We are asking you to contact your clients for whom you hold Shares registered in your name (or in the name of your nominee) or who hold Shares registered in their own names. Please bring the Offer to their attention as promptly as possible. No fees or commission will be payable to the Fund in connection with the Offer. However, brokers, dealers or other persons may charge Stockholders a fee for soliciting tenders for Shares pursuant to the Offer. The Fund will also, upon request, reimburse you for reasonable and customary mailing and handling expenses incurred by you in forwarding any of the enclosed materials to your clients. The Fund will pay all transfer taxes on its purchase of Shares, subject to Instruction 7, “Stock Transfer Taxes,” of the Letter of Transmittal. However, backup withholding at a 28% rate may be required unless either an exemption is proved or the required taxpayer identification information and certifications are provided.
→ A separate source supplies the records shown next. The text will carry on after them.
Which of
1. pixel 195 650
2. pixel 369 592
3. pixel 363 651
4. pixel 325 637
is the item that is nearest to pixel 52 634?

See Section 8, “Federal Income Tax Consequences of the Offer,” of the Offer to Purchase and Instruction 12, “Backup Withholding,” of the Letter of Transmittal.

For your information and for forwarding to your clients, we are enclosing the following documents:

 

  1. A letter to Stockholders of the Fund from R. Jay Gerken, Chairman, President and Chief Executive Officer of the Fund;

 

  2. The Offer to Purchase, dated November 30, 2011;

 

  3. The Letter of Transmittal for your use and to be provided to your clients;

 

  4. Notice of Guaranteed Delivery;

 


  5. Form of letter to clients that may be sent to your clients for whose accounts you hold Shares registered in your name (or in the name of your nominee); and

 

  6. Return envelope addressed to American Stock Transfer & Trust Company (the “Depositary”).
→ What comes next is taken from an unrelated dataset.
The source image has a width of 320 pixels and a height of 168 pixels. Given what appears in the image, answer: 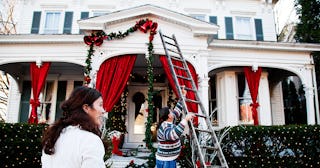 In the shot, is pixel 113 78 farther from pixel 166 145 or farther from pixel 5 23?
pixel 5 23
The Offer is not being made to, nor will the Fund accept tenders from, holders of Shares in any state or other jurisdiction in which the Offer would not be in compliance with the securities or Blue Sky laws of such jurisdiction.

As described in the Fund’s Offer to Purchase under Section 3, “Procedure for Tendering Shares,” tenders may be made without the concurrent deposit of stock certificates if (1) such tenders are made by or through a firm which is a broker, dealer, commercial bank, credit union, savings association or other entity and which is a member in good standing of a stock transfer association’s approved medallion program (such as STAMP, SEMP or MSP); and (2) certificates for Shares (or a confirmation of a book-entry transfer of such Shares into the Depositary’s account at a Book-Entry Transfer Facility (as defined in the Letter of Transmittal)), together with a properly completed and duly executed Letter of Transmittal or an Agent’s Message (as defined in the Offer to Purchase) in the case of a book-entry delivery, and any other documents required by the Letter of Transmittal, are received by the Depositary within three New York Stock Exchange trading days after the date of execution of a properly completed and duly executed Notice of Guaranteed Delivery.

None of the Fund, its Board of Directors, its investment adviser, Legg Mason Partners Fund Advisor, LLC or its investment subadvisers, ClearBridge Advisors, LLC, Western Asset Management Company and Western Asset Management Company Limited, makes any recommendation to any Stockholder whether to tender or not to tender any Shares.

For additional information or copies of the enclosed material, please contact Georgeson Inc., toll free at (888) 605-8334 or, for banks and brokers, at (212) 440-9800.

 

Very truly yours,
LMP CAPITAL AND INCOME FUND INC.
/s/ R. Jay Gerken

R. Jay Gerken

Chairman, President and Chief Executive Officer

 

 
NOTHING CONTAINED HEREIN OR IN THE ENCLOSED DOCUMENTS SHALL CONSTITUTE
YOU OR ANY OTHER PERSON THE AGENT OF LMP CAPITAL AND INCOME FUND INC., THE
INFORMATION AGENT, OR THE DEPOSITARY OR AUTHORIZE YOU OR ANY OTHER
PERSON TO MAKE ANY STATEMENTS OR USE ANY MATERIAL ON THEIR BEHALF WITH
RESPECT TO THE OFFER, OTHER THAN THE MATERIAL ENCLOSED HEREWITH AND THE
STATEMENTS SPECIFICALLY SET FORTH IN SUCH MATERIAL.